Animals don’t wear clothes, we are the only animals who have constructed such intense meanings around the coverings we wear. All animals excrete (actually so do plants, not sure about rocks and minerals) and we also have insane rules over who can excrete where and how. I’m a bit perplexed at the responses to the new guidelines around sexuality education and the insistence that unless we have separate bathrooms and gendered uniforms in schools young people will enter the ‘real world’ confused and unable to know how to conform and play by the (gendered) rules of life.
But I’ve been beaten to it by Philip Patston, his blog is well worth reading. The issue for me is when do we say ‘woops let’s leave those assumptions in the past’. I think gender is screaming out for a need to move on, or an extreme make over. Something like the androgynous 80’s but without the shoulder pads! Schools as social institutions have been shaping young minds and bodies, beating any resistance into shape by shoving young people into set uniforms, and other rules designed to identify them clearly for a particular gendered role in society. I’m not going to run through the tired justifications for uniforms particularly the myth that they create some ‘fairness’ or sense of ‘equality’ or ‘school pride’. However schools are more like brands these days – and parents as ‘consumers’ rate brands according to criteria perceived as valuable. Uniforms are part of the branding.

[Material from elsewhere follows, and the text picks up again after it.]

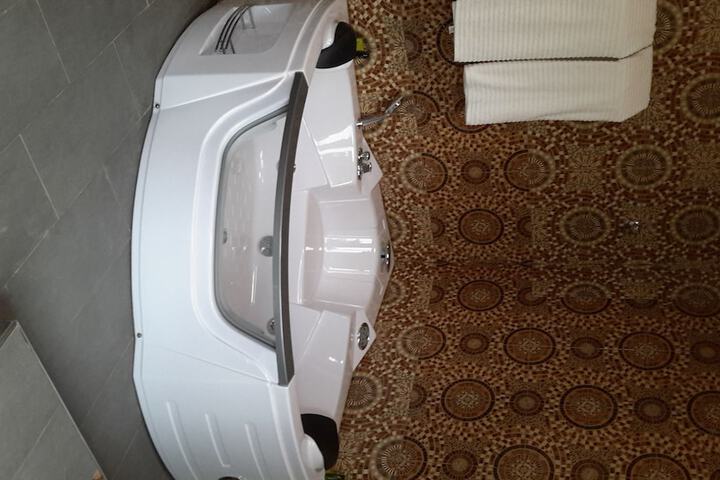 Jetted tub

Toilets however are part of life. We have actually divided the world by excretory plumbling specs – mainly how our kidneys expel waste. How weird is that? I love the ridiculous paranoid rantings of the likes of Bob McCoskrie, the hand wringing over students playing for one team one day and another the next because they can’t decide what gender they are is laughable. Actually, it would be a question of reliability and commitment Bob – absolutely it is about picking a team because the wrath of the ditched players due to someones fluid identity would not be worth bringing upon yourself.